This might be a post for any non-Scottish readers who’ve ever wondered what the chuff I’m on about when I talk about Paw Broon.
The Broons, y’see, are Scotland’s Favourite Family. But then, you knew that already.
Last Thursday, I went to the Perth Concert Hall to watch a new play, The Broons: Maggie’s Wedding, for a review for The Edinburgh Reporter…
The review is here. It doesn’t get too deeply into my more personal reflections on the show, because that’s not really the point, is it? But I have been continuing to think about it. I’m definitely going to drag my own Paw Broon and Mrs Stroke Bloke to see it when it comes to Edinburgh.
For anyone who doesn’t know, The Broons are the family featured in an eponymous comic strip in Scots published in The Sunday Post. The strip has been running since 1936, so it’s a bit of a national institution.
I have to admit, I was a bit unsure of the kind of night I was going to have when I walked into the theatre. Scottish historian Tom Nairn once famously said
Scotland will not be free until the last minister is strangled with the last copy of the Sunday Post.

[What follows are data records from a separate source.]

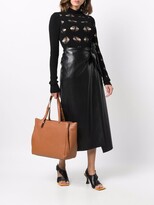 Thumbnail for your product : Coccinelle large Lea leather tote bag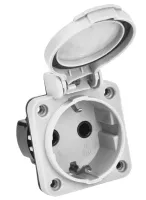 Розетка панельная 16А 3п (2Р+РЕ) IP54, 230В серый MAGNUM IEK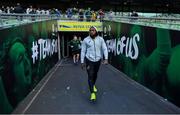 10 November 2017; Tendai Mtawarira during South Africa rugby captain's run at Aviva Stadium in Dublin. Photo by Brendan Moran/Sportsfile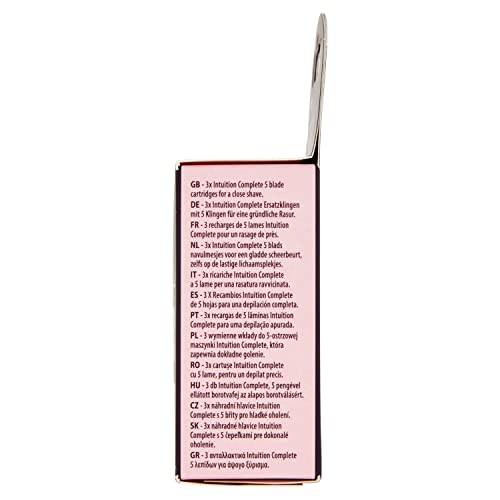 Wilkinson Sword Intuition Complete - Cuchillas de afeitar para mujer (3 unidades)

And you can see his point. The Post is inherently conservative with a small ‘c’. To illustrate, columnist Francis Gay has been writing his column My Week featuring sentimental stories and a weekly short poem since the 1920s. Seriously.
And the main plot of The Broons: Maggie’s Wedding is driven by Maw Broon’s desire to keep everything the way it’s always been. Regular readers will recognize that this doesn’t really jibe with the Stroke Bloke outlook on life. Y’know – Is this the best we can do? Should we just settle?
Still, it’s understandable. Maw’s been living in the same world since 1936. As any stroke survivor (and any recent visitor to my former adoptive homeland) will testify, change – a different world – can be scary.
Although of course, Maw’s world is different in Maggie’s Wedding. As Hen Broon wails,
I’m not a two-dimensional character! I’m a human being!
That’s different!
One of the great things about the show is that the characters of the Broon family are a little more complex during a night of theatre than they can afford to be over the course of a short comic strip. And at the same time,
[p]laywright Rob Drummond and director Andrew Panton have consumed Broons material from all of the family’s nine decades, and the characters ring true to their two-dimensional counterparts.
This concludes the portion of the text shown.